Peu de monde en contrebas, il fait trop chaud. Un gosse et son scooter regagnent mollement la Belle de Mai. Calme d’un début d’après-midi d’été.
C’est le toit d’un bâtiment qui n’est plus aujourd’hui. Plus tel qu’il joue là. Avec son passé qui s’agite dans le vent, les pales folles des extracteurs d’air abandonnés.
Bâtiment industriel reconverti. De nouveaux sons à venir. C’était il y a un an.

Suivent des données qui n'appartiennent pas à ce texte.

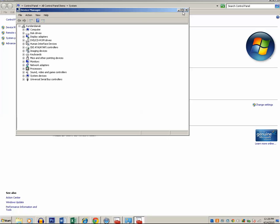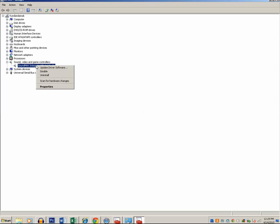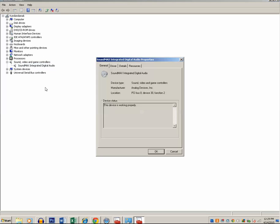So if the sound is playing from the laptop or computer instead of the headphone, then what you do is you expand Sound, Video and Game Controllers. Then right now I have SoundMAX Integrated Digital Audio. Right-click on it, then click on Properties. Then go to Driver.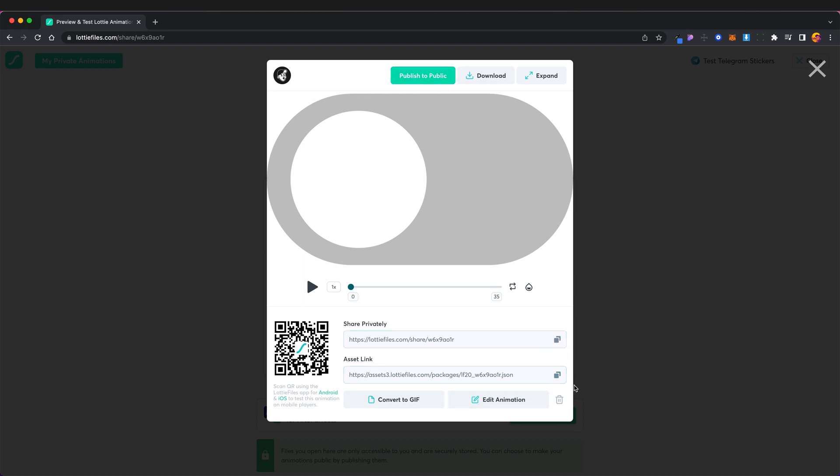So if you wanted to share it privately you could do so by this link or you could share a link to that original JSON file that you uploaded which is the one that looked like a load of code.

Je pense une nouvelle fois à John Cage, à cet entretien dans son appartement, même si je cherche encore du sens là où il n’y aurait que résonance.


un matin d’été

[ prise de son : Pierre Armand ]

Ce que ce son ne donne pas, c’est la proximité de la centrale thermique de production d’électricité. Sa proximité extrême. Ses quatre cheminées tricolores plantées sur le rivage, en regard de la plage. Ce qu’il ne peut dire, du fait de la distance, faible mais suffisante pour que le son s’envole, pour que le vent fasse l’effaroucheur et dissémine le vrombissement des torchères, c’est la raffinerie, plus inquiétante encore, à perte de vue. Mieux vaut parfois fermer les yeux.

C’est le souvenir du lieu qui a ressurgi en premier. Ce son ne reste, pour moi, qu’un déclencheur. A la réécoute, domine un très fort sentiment de fausseté, d’abord, puis d’étouffement. La bande-son d’un mauvais rêve. Les images, les odeurs, qui saturent encore mes sens, privent ce son de son innocence.